Natal na barca – conto de Lygia Fagundes Telles

Não quero nem devo lembrar aqui por que me encontrava naquela barca. Só sei que em redor tudo era silêncio e treva. E que me sentia bem naquela solidão. Na embarcação desconfortável, tosca, apenas quatro passageiros. Uma lanterna nos iluminava com sua luz vacilante: um velho, uma mulher com uma criança e eu.
O velho, um bêbado esfarrapado, deitara-se de comprido no banco, dirigira palavras amenas a um vizinho invisível e agora dormia. A mulher estava sentada entre nós, apertando nos braços a criança enrolada em panos. Era uma mulher jovem e pálida.
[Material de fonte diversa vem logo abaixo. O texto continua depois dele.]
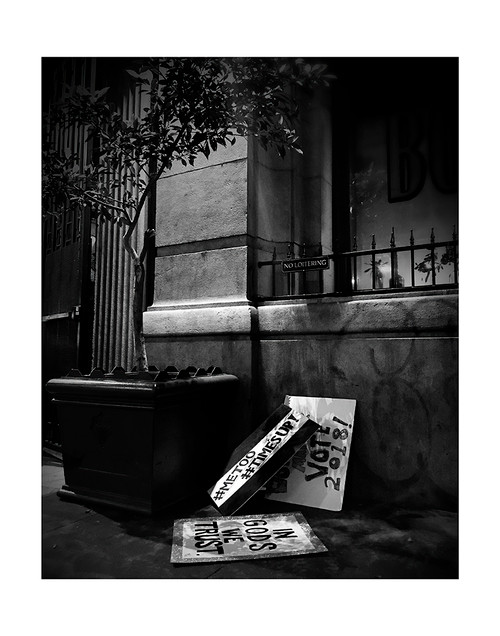 Ally by Gregory Clewlow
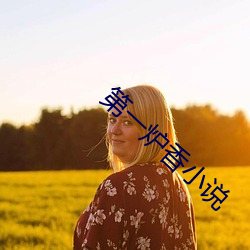 第一(yī)炉香小说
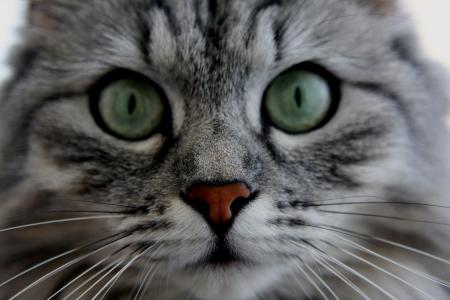 动物，猫，眼睛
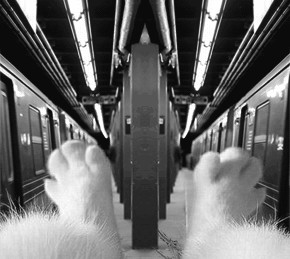 Бесконечный поезд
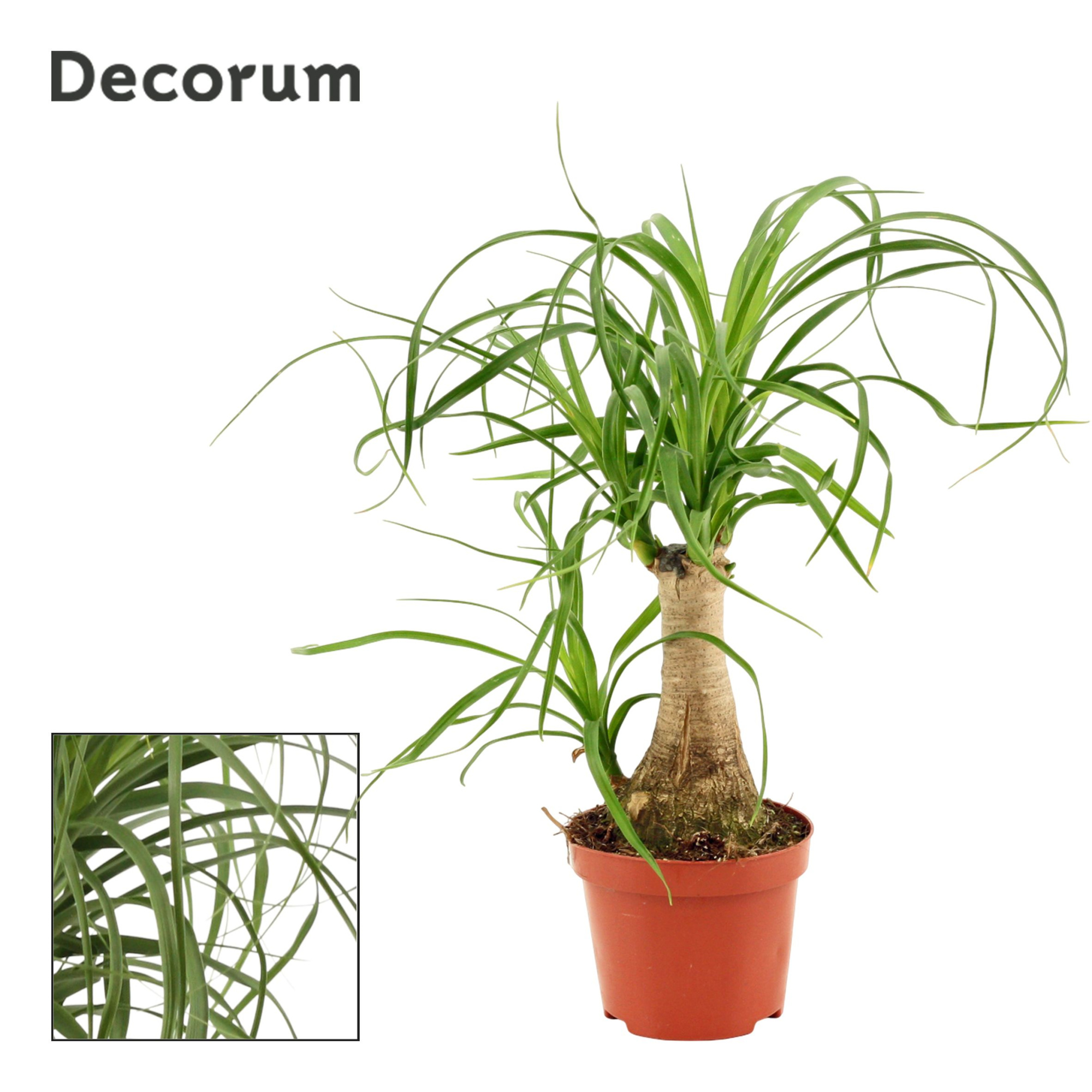 Beaucarnea Recht 9 cm (Decorum), D 9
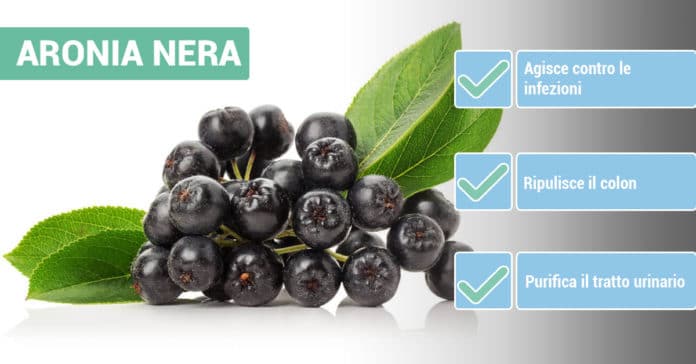 benefici-ARONIA benefici-ARONIA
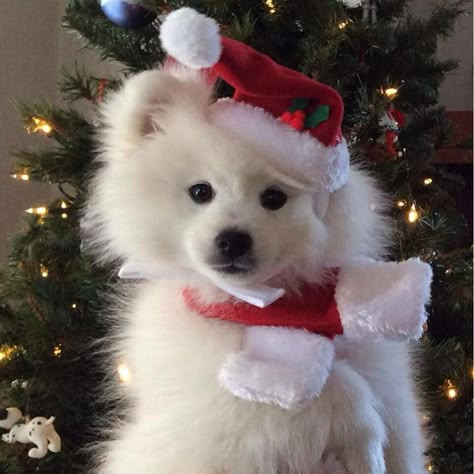 Christmas Puppies, Christmas Pets, Christmas Dogs, Christmas Puppy, Dog Christmas, Cute Pets, Christmas Aesthetic, Christmas Animals, Christmas Dog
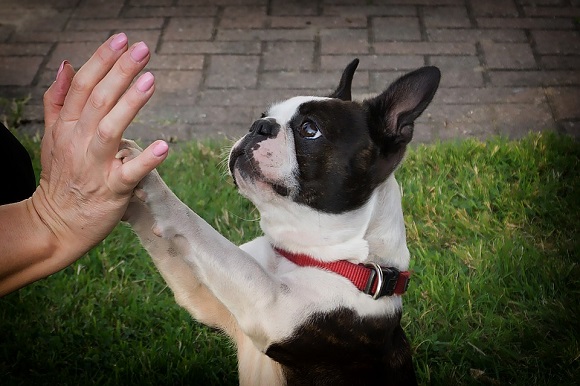 Rasă de câini mici- Boston Terrier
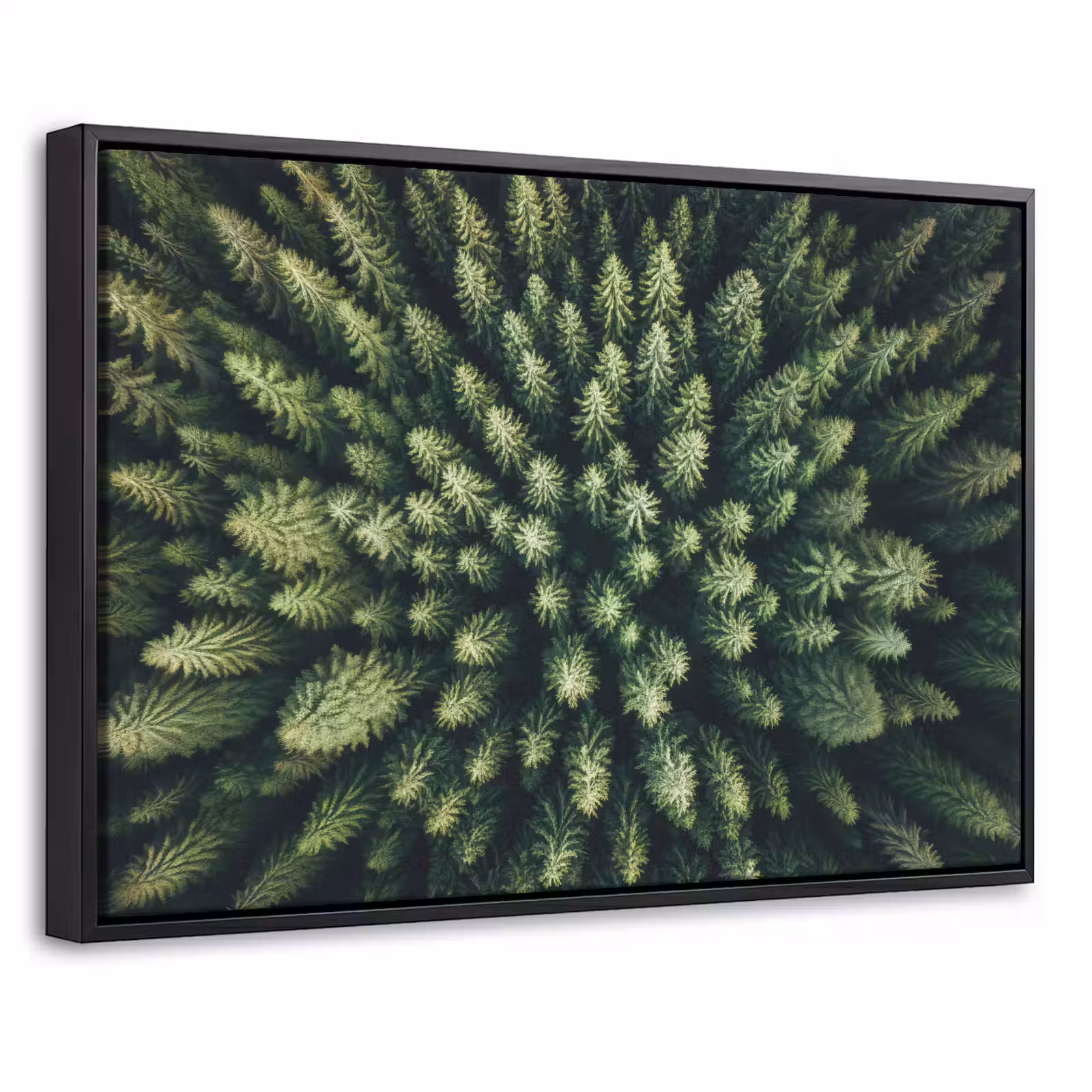Canvas met lijst - Bomen - Naaldwoud - Structuur — 1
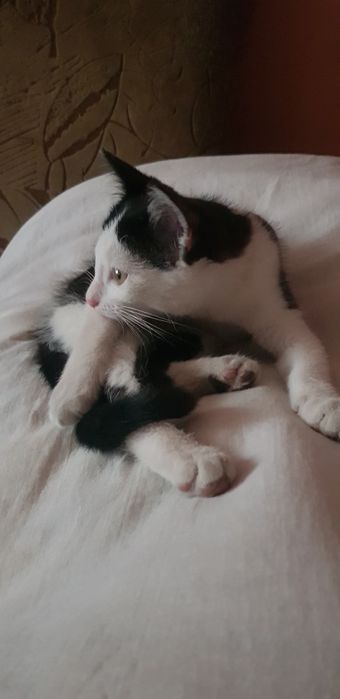 SOS ! Котёнок.  Даром !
O longo manto escuro que lhe cobria a cabeça dava-lhe o aspecto de uma figura antiga.
Pensei em falar-lhe assim que entrei na barca. Mas já devíamos estar quase no fim da viagem e até aquele instante não me ocorrera dizer-lhe qualquer palavra. Nem combinava mesmo com uma barca tão despojada, tão sem artifícios, a ociosidade de um diálogo. Estávamos sós. E o melhor ainda era não fazer nada, não dizer nada, apenas olhar o sulco negro que a embarcação ia fazendo no rio.
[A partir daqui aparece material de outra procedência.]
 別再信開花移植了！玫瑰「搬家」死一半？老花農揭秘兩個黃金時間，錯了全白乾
Debrucei-me na grade de madeira carcomida. Acendi um cigarro. Ali estávamos os quatro, silenciosos como mortos num antigo barco de mortos deslizando na escuridão. Contudo, estávamos vivos. E era Natal.
A caixa de fósforos escapou-me das mãos e quase resvalou para o. rio. Agachei-me para apanhá-la. Sentindo então alguns respingos no rosto, inclinei-me mais até mergulhar as pontas dos dedos na água.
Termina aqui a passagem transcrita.